## Work to complete:
Using the data below, output a verbatim copy of the lines between the one holding "Neon Pink Black" and the one holding "Resolución de prescripción", inclusive, without any pictures.

## Data to process:
——————————

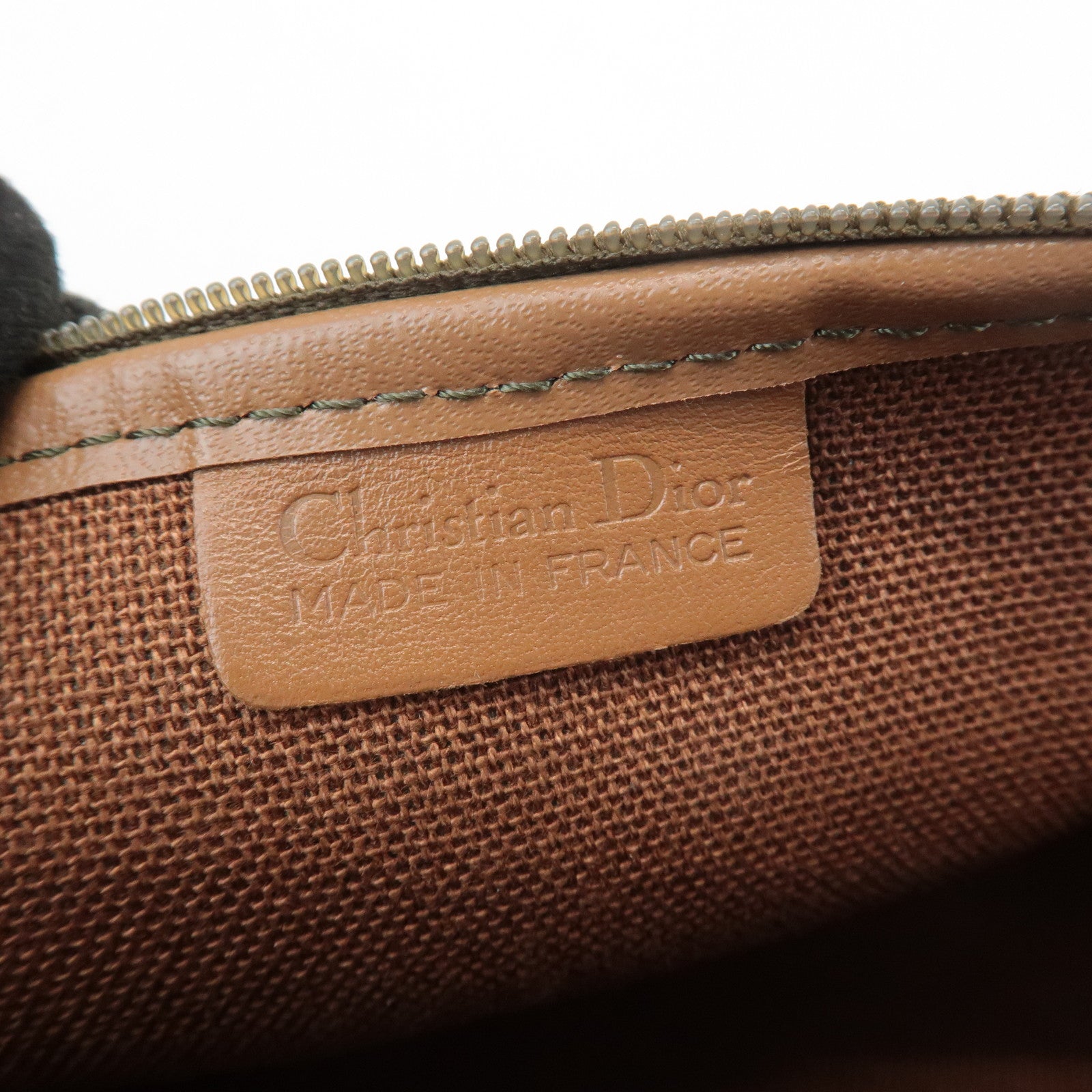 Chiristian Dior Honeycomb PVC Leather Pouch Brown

——————————

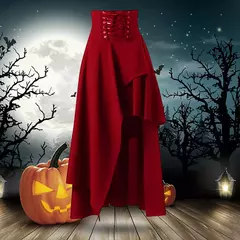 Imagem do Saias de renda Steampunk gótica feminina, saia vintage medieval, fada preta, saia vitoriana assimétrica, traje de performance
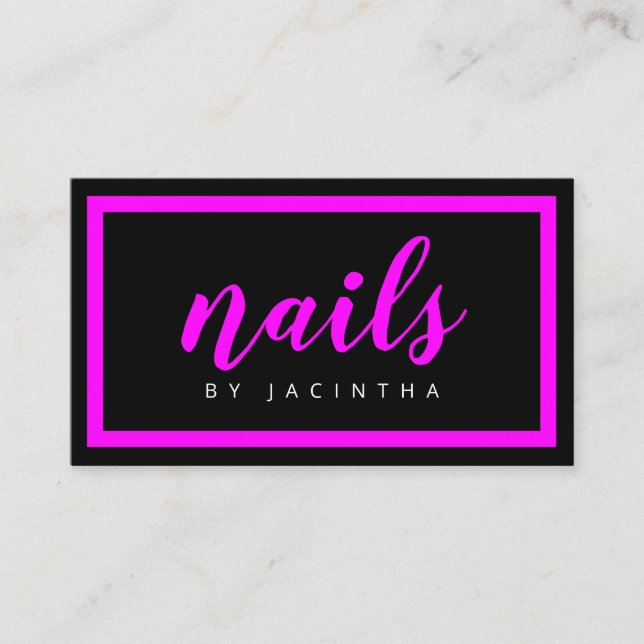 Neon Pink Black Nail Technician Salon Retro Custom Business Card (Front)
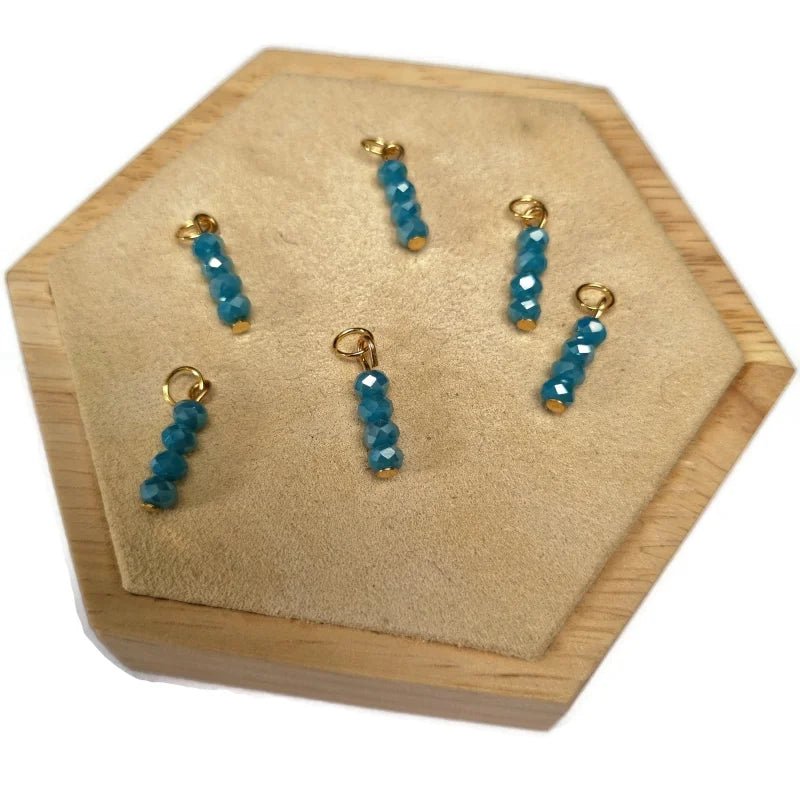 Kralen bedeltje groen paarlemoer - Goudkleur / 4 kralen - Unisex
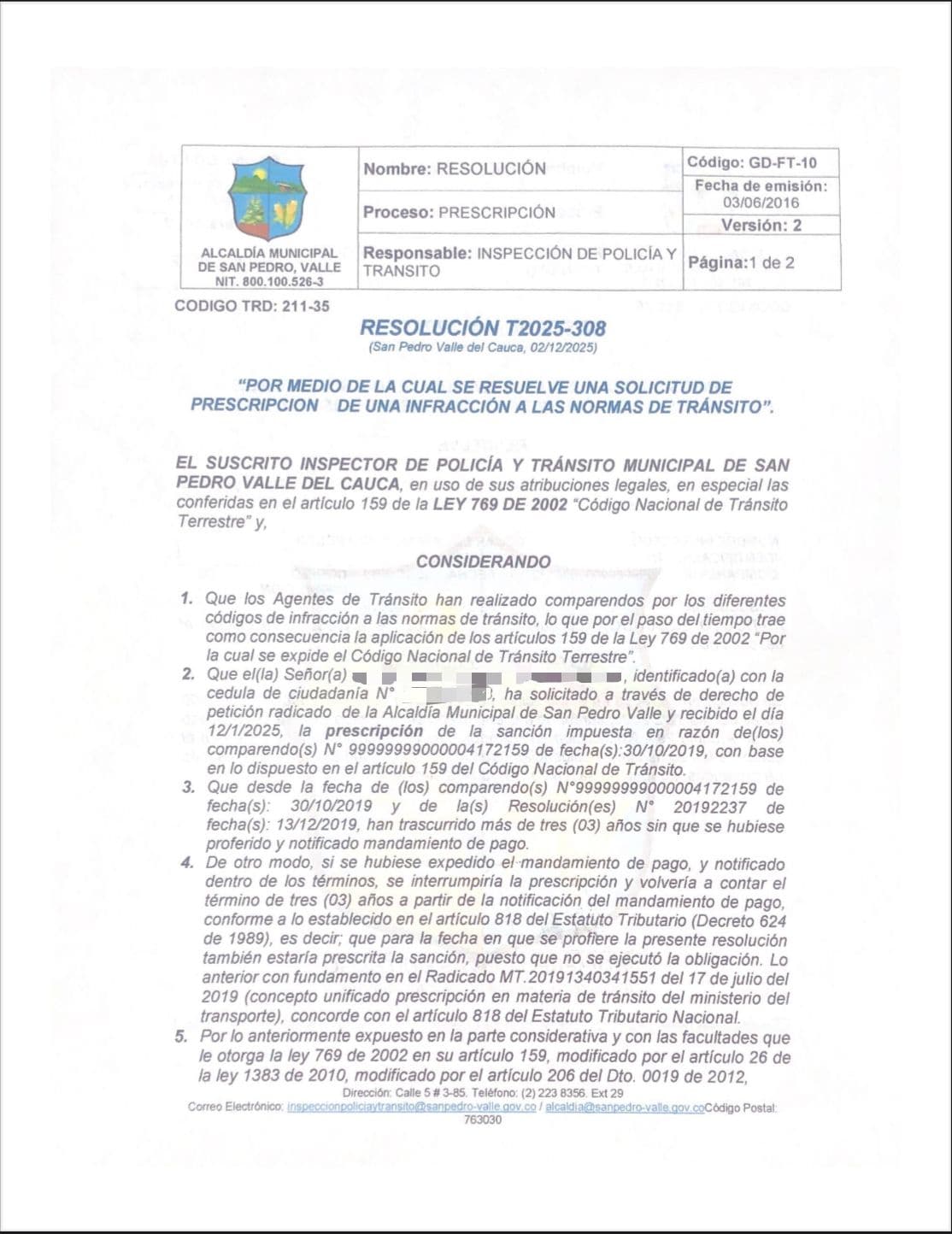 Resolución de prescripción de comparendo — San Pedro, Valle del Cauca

——————————

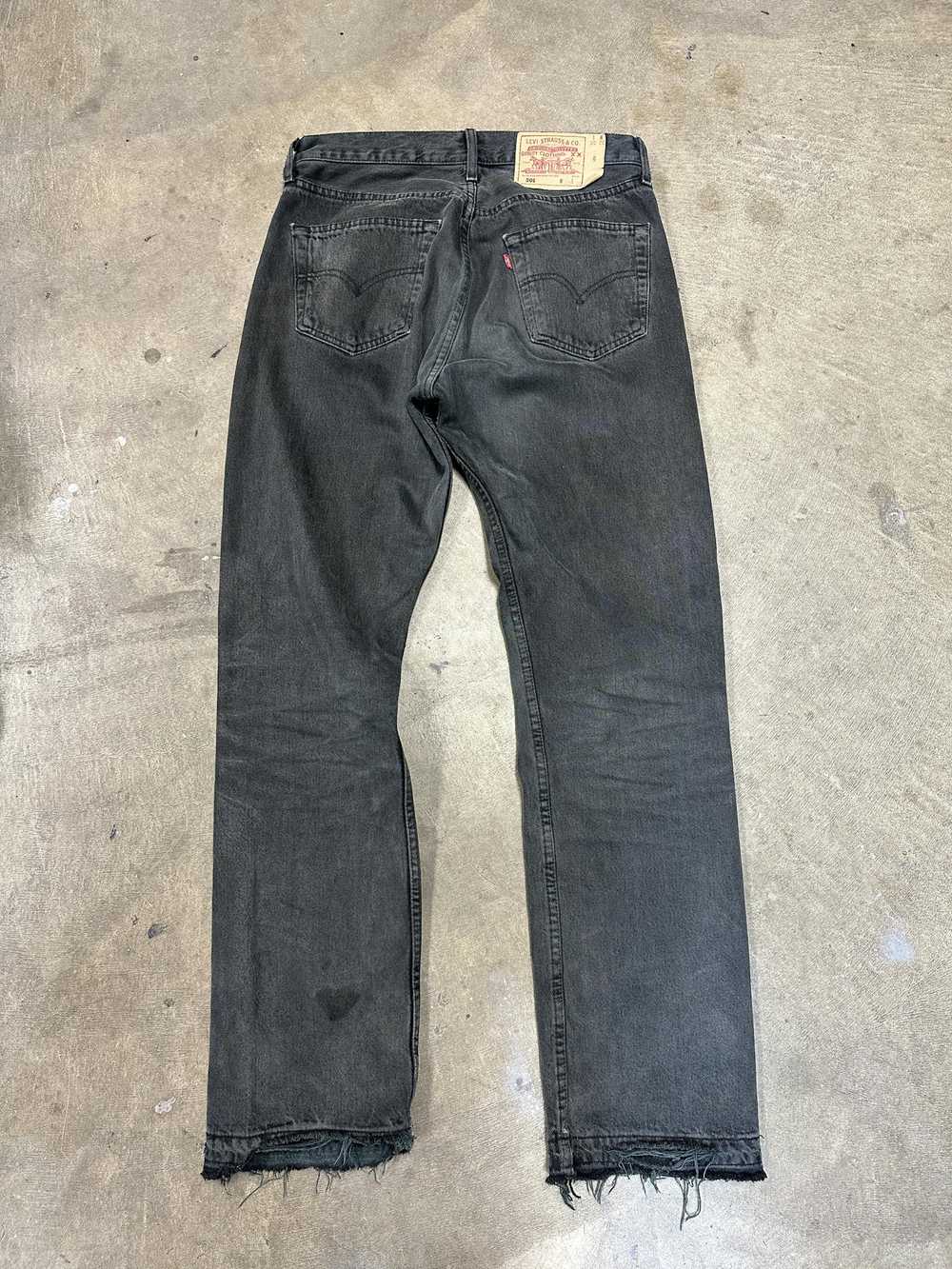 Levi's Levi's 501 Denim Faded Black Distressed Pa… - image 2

——————————

## Response below:
 Neon Pink Black Nail Technician Salon Retro Custom Business Card (Front)
 Kralen bedeltje groen paarlemoer - Goudkleur / 4 kralen - Unisex
 Resolución de prescripción de comparendo — San Pedro, Valle del Cauca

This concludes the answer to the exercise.